I knew I had to re-bake the tarts, and that finally happened this week.  The photos are from the new tartlets, which we enjoyed every bit as much as the first ones.



n.o.e.'s notes:

- Dorie herself posted the recipe in her column for Serious Eats.

-  The first time I baked the tart, I used Dorie's tart crust, which I've made many times before, and love!  The filling was French strawberry jam, and I used the fresh strawberries by themselves.  I didn't add sugar or liquor to them, and forgot the black pepper.

-  The second time I baked the tart, I make gluten-free tart shells using Alice Medrich's shortbread base found in her cookie book, Chewy Gooey Crispy Crunchy Melt-in-Your-Mouth Cookies.  For the crust's sweetnener, I used golden palm sugar rather than plain white sugar, which gave it a golden color and a caramelized flavor.  This time I was home in Georgia and the French jam was still in California.  Rather than buy more strawberry jam I decided to make small batch Strawberry Honey Thyme Jam.  The jam was easy to make and delicious in flavor.  I again left the strawberries plain, and again I forgot the black pepper (darn!)

-  The recipe is interesting because all of the elements are kept separate until the time that the tart is served.  When one big tart is made, the shell is sliced, then spread with the jam and the strawberries are piled on top.

-  I usually find that making mini tarts adversely changes the recipe's proportion of crust to filling but in this case, the tart is assembled after the crust is fully baked, and the jam and berries can be increased or decreased to taste.  In fact, the berries are supposed to spill over the crust.

the verdict:

The recipe sounds so unassuming, a few simple elements, no big deal, but let me tell you: This was a sleeper of a recipe! We loved these tarts. (Both versions!)  The juicy fresh strawberries played off of the sweet strawberry preserves, all in the context of a buttery, almost cookie-like crust.  It's a perfect summer make-ahead dessert, and can be varied with whatever berries happen to be in season.



Tuesday, July 3, 2012

Blueberry Sour Cream Ice Cream



In much of the US in recent days the weather has been just a bit warm shall we say?  I saw the forecast of the advancing heat wave, and prepared to hunker down: changed the filters in the air conditioning system, dug out shorts and tank tops, and closed the blinds against the strong afternoon sun.

And I made ice cream.

The Tuesdays With Dorie group choose Blueberry Sour Cream Ice Cream soon after I joined the group in 2008.  I didn't have an ice cream maker at the time, so I took and excused absence and baked something different that week.  But now that I'm trying to finish every recipe in Dorie Greenspan's book, Baking From My Home to Yours, and with a well-broken-in ice cream maker in its permanent spot on my kitchen counter, this week was the perfect time for me to make that recipe.

n.o.e.'s notes:

- You can find the recipe on the post of the original TWD host for this recipe, Chronicles of Culinary Curiosity.

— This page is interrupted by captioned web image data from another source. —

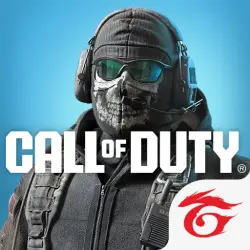 CP Call of Duty Mobile (Garena) Индонезия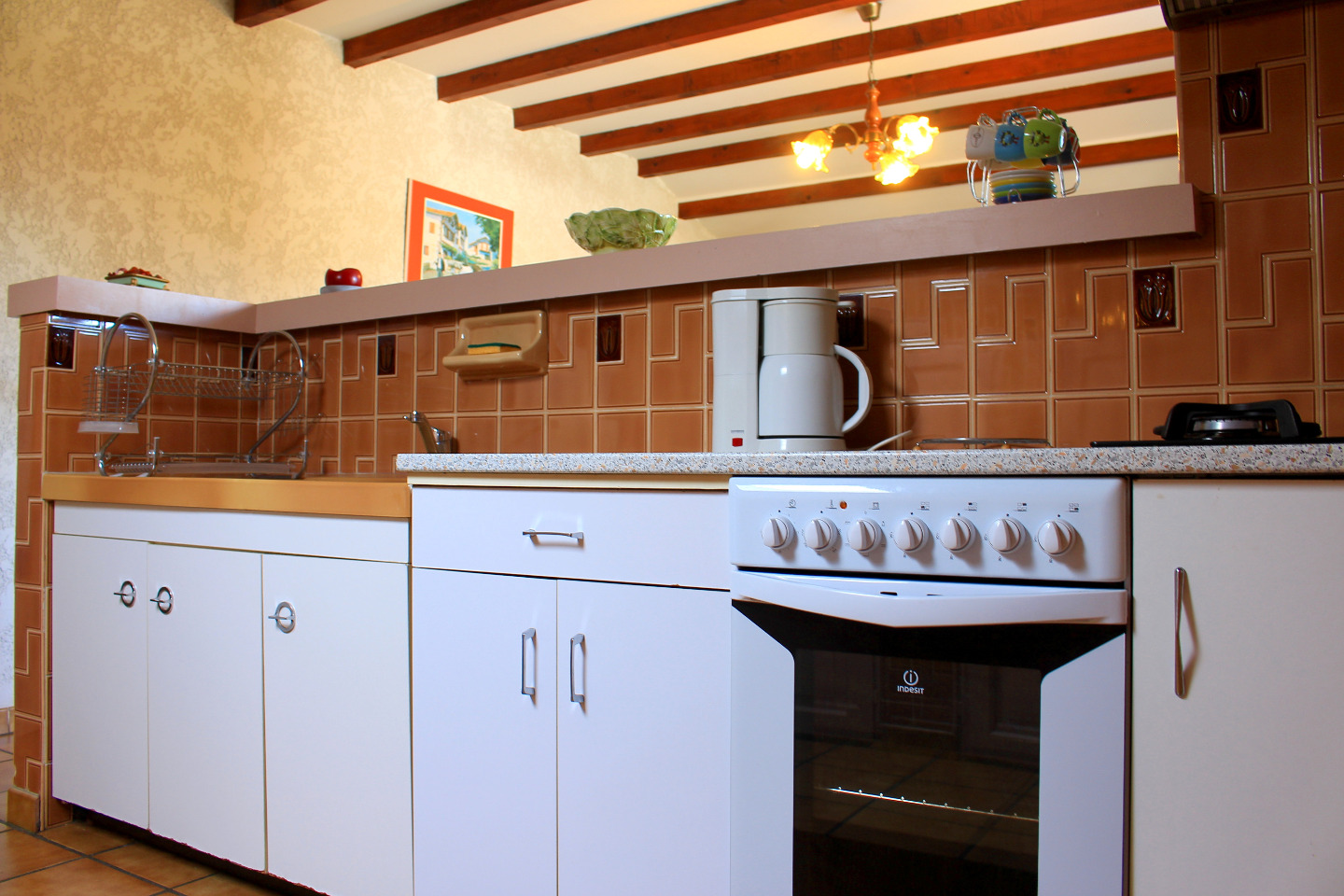 Appartement Cousinia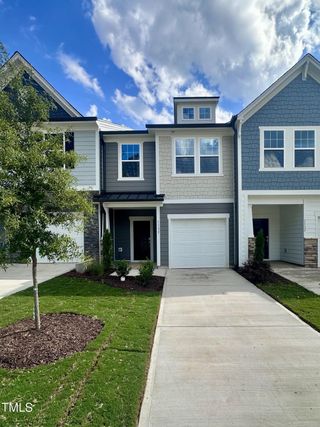 New construction  house 1133 Tembrook Dr, Mebane, NC 27302 plan Litchfield - image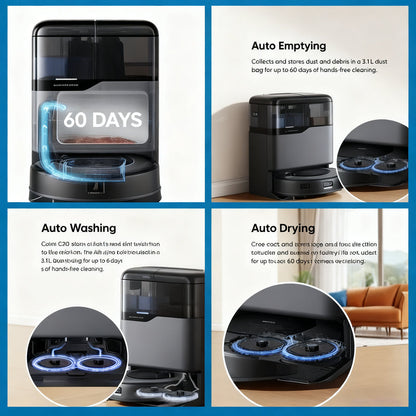 $69 — The Smart Cleaning Butler That Truly Frees Your Hands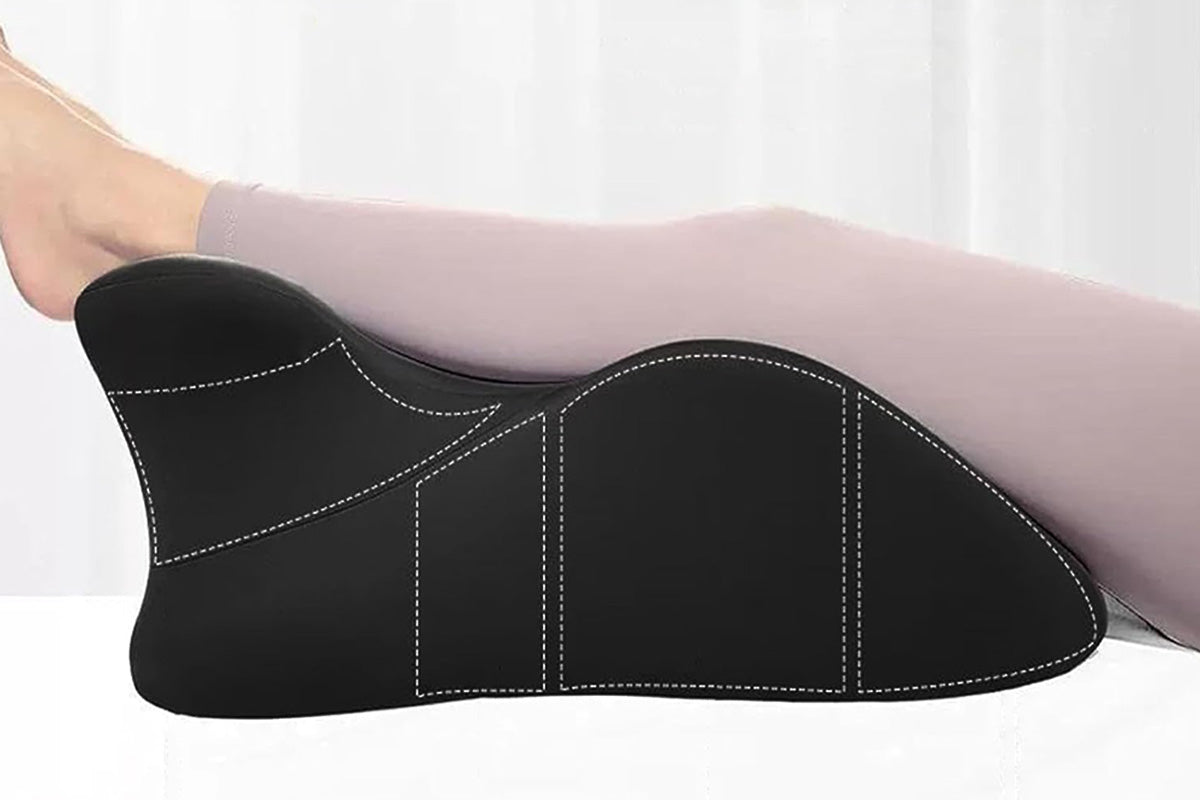 Reading Pillow for Bed Memory Foam Ergonomic Back Support Pillow for Bed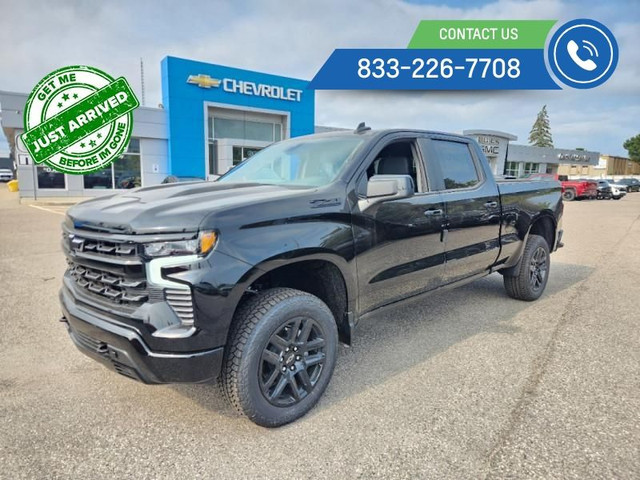 2025 Chevrolet Silverado 1500 LT Trail Boss in Cars & Trucks in Mississauga / Peel Region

-  Some lovely local blueberries came in my farm box, so that's what I used for the ice cream.    I like that Dorie gives flexibility to add sugar and lemon juice to taste; I added slightly less sugar and a solid dose of lemon juice.  I cut the amount of sour cream by a little bit because I didn't want it to mask the blueberry flavor.

-  After I finished making the ice cream base I gave it a little taste.  The blueberry flavor seemed a bit mild and I debated whether to make up more of the cooked, pureed blueberries and add them, but in the end I decided that I'd leave the ice cream as it was, and add some fresh blueberries or blueberry sauce when I served it, if we thought it needed something.

the verdict:

I brought this ice cream to dinner with some friends. (I packed it in this container so it wouldn't melt in the 106 degree heat)  Everyone finished eating the ice cream, but nobody raved.  To me it fell somewhere between "OK" and "not that great,"  The texture was nice and creamy, the sour cream added just the right amount of tang, but the blueberry flavor was too faint.  I think the ice cream could have benefited from a lot more blueberries.  My husband agreed, "Something about the blueberries didn't go with the creaminess."  It was cold, though, and a beautiful color!